Atomic implementation scd1

BEGIN;
LOCK TABLE target IN EXCLUSIVE MODE;
explain analyse 
with fj as (
   select 
   tmp.*
   , case when targ.id is null then false else true end as upd
   from target targ
   full outer join tmp on (targ.id = tmp.id)

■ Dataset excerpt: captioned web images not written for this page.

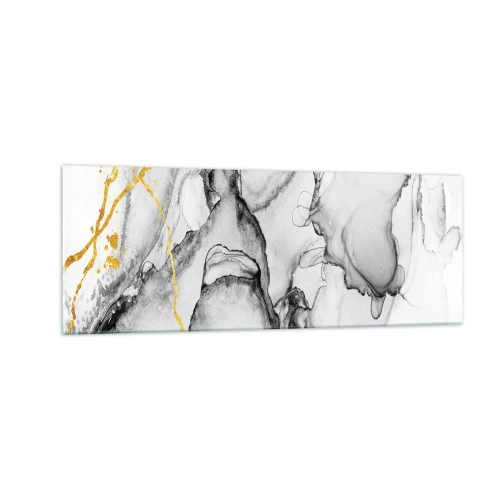 Obraz na szkle - Abstrakcyjne czarno-białe wzory z dodatkiem złotych akcentów - 140x50cm - Kompozycja z motywem złota - Nowoczesna dekoracja ścienna do salonu i sypialni ARTTOR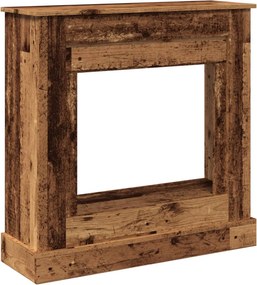 vidaXL antik fa színű szerelt fa kandallóburkolat 90 x 30 x 90 cm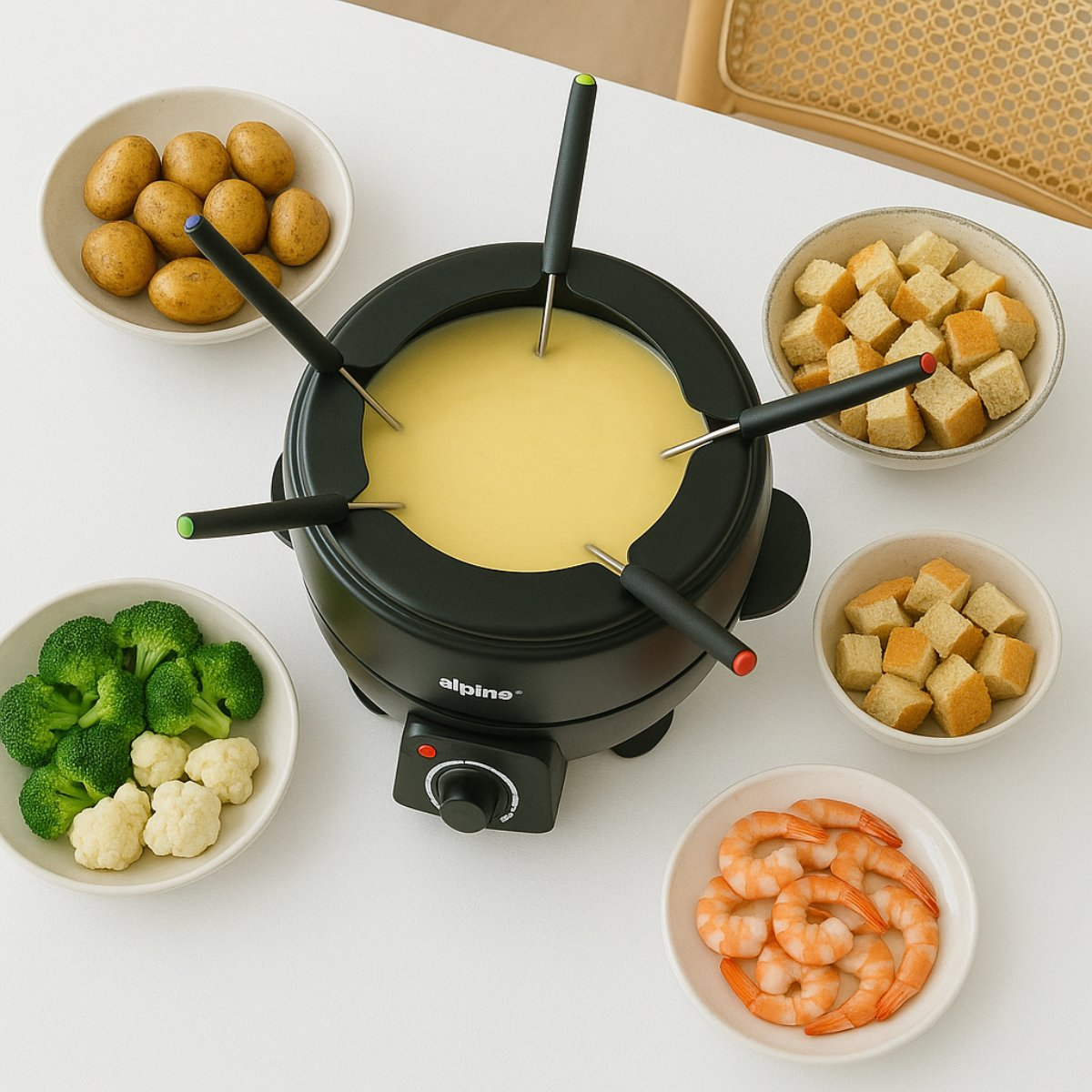 Ein schwarzer Fonduetopf mit Käse, umgeben von Schalen mit Kartoffeln, Brotwürfeln, Brokkoli, Blumenkohl und Garnelen.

   where targ.id is null or targ.hash != tmp.hash
),
upd as (
update target targ set id=fj.id, cd=fj.cd, hash=fj.hash 
from fj 
where fj.id = targ.id 
and fj.upd is true)
insert into target select id, cd, hash from fj where fj.upd is false;
ROLLBACK;
--                                                                   QUERY PLAN                                                                  
-- ----------------------------------------------------------------------------------------------------------------------------------------------
--  Insert on target  (cost=1139239.61..1364236.44 rows=49999 width=48) (actual time=6858.761..6858.761 rows=0 loops=1)
--    CTE fj
--      ->  Hash Full Join  (cost=318113.85..515190.96 rows=9999859 width=44) (actual time=3340.633..5629.141 rows=1000001 loops=1)
--            Hash Cond: (tmp.id = targ.id)

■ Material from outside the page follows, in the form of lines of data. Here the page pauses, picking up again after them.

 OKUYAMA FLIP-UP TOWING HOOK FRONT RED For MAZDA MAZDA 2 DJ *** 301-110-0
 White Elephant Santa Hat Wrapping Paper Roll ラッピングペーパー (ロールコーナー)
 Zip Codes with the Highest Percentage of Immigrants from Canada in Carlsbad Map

--            Filter: ((targ.id IS NULL) OR (targ.hash <> tmp.hash))
--            Rows Removed by Filter: 11000001
--            ->  Seq Scan on tmp  (cost=0.00..46217.03 rows=3000003 width=12) (actual time=0.007..227.686 rows=3000003 loops=1)
--            ->  Hash  (cost=154053.60..154053.60 rows=9999860 width=8) (actual time=2919.111..2919.111 rows=10000000 loops=1)

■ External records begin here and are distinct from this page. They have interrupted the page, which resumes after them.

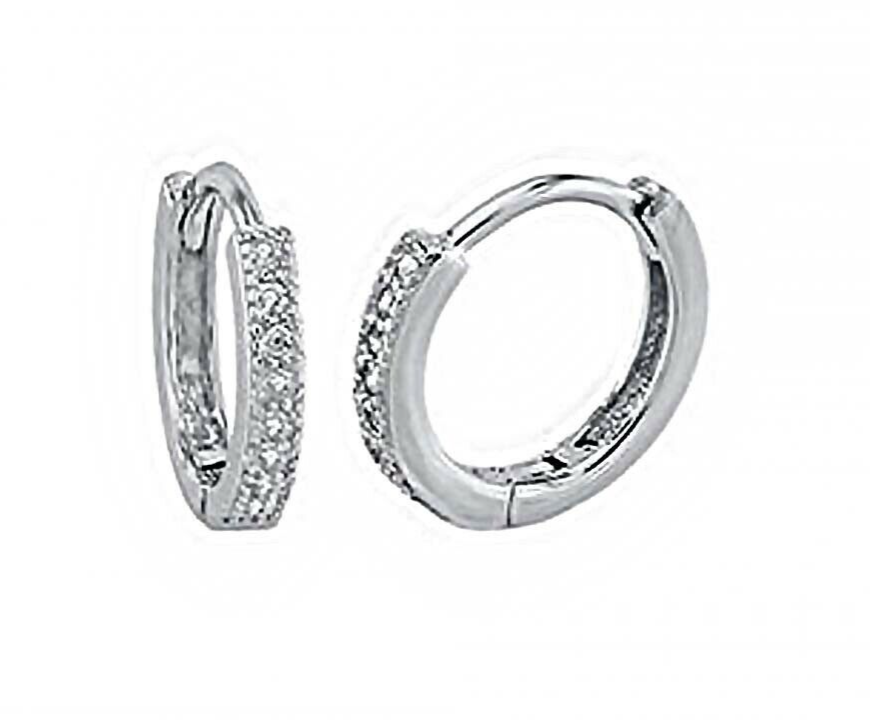 Genuine Diamond Huggie Hoop Earrings set in Solid Sterling Silver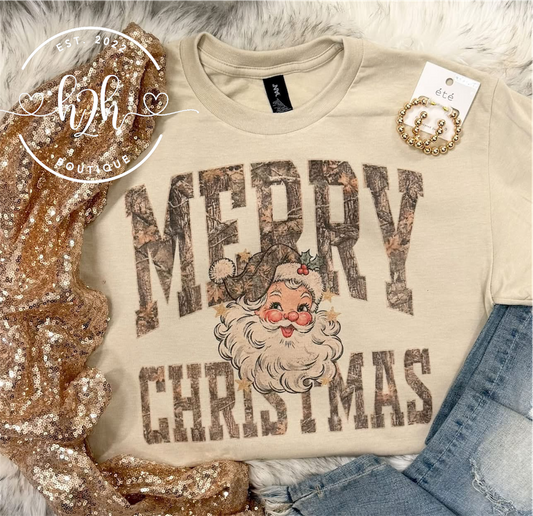 Merry Christmas Camo Santa Tee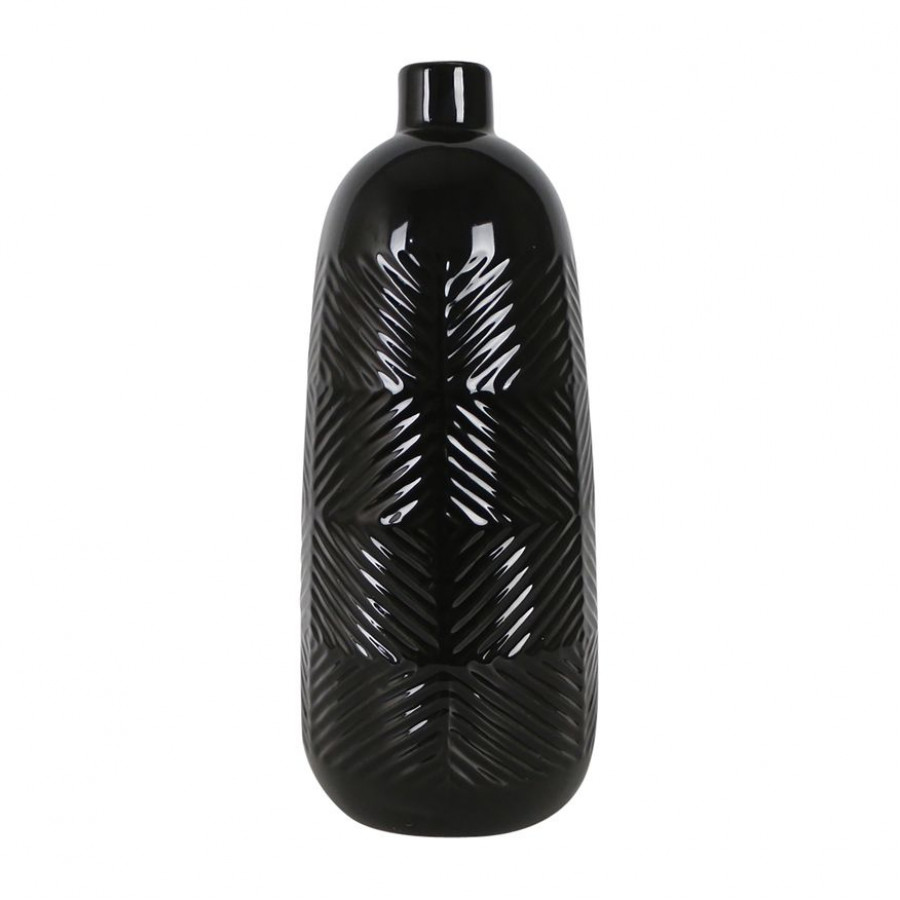 Sagebrook 16" Ceramic Textured Lines Vase - Black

--                  Buckets: 131072  Batches: 256  Memory Usage: 2553kB
--                  ->  Seq Scan on target targ  (cost=0.00..154053.60 rows=9999860 width=8) (actual time=0.042..1421.153 rows=10000000 loops=1)
--    CTE upd
--      ->  Update on target targ_1  (cost=337644.85..624048.65 rows=49999 width=118) (actual time=109.975..109.975 rows=0 loops=1)
--            ->  Hash Join  (cost=337644.85..624048.65 rows=49999 width=118) (actual time=109.974..109.974 rows=0 loops=1)
--                  Hash Cond: (fj_1.id = targ_1.id)
--                  ->  CTE Scan on fj fj_1  (cost=0.00..224996.83 rows=49999 width=104) (actual time=109.973..109.973 rows=0 loops=1)
--                        Filter: (type = 'update'::text)
--                        Rows Removed by Filter: 1000001
--                  ->  Hash  (cost=154053.60..154053.60 rows=9999860 width=18) (never executed)
--                        ->  Seq Scan on target targ_1  (cost=0.00..154053.60 rows=9999860 width=18) (never executed)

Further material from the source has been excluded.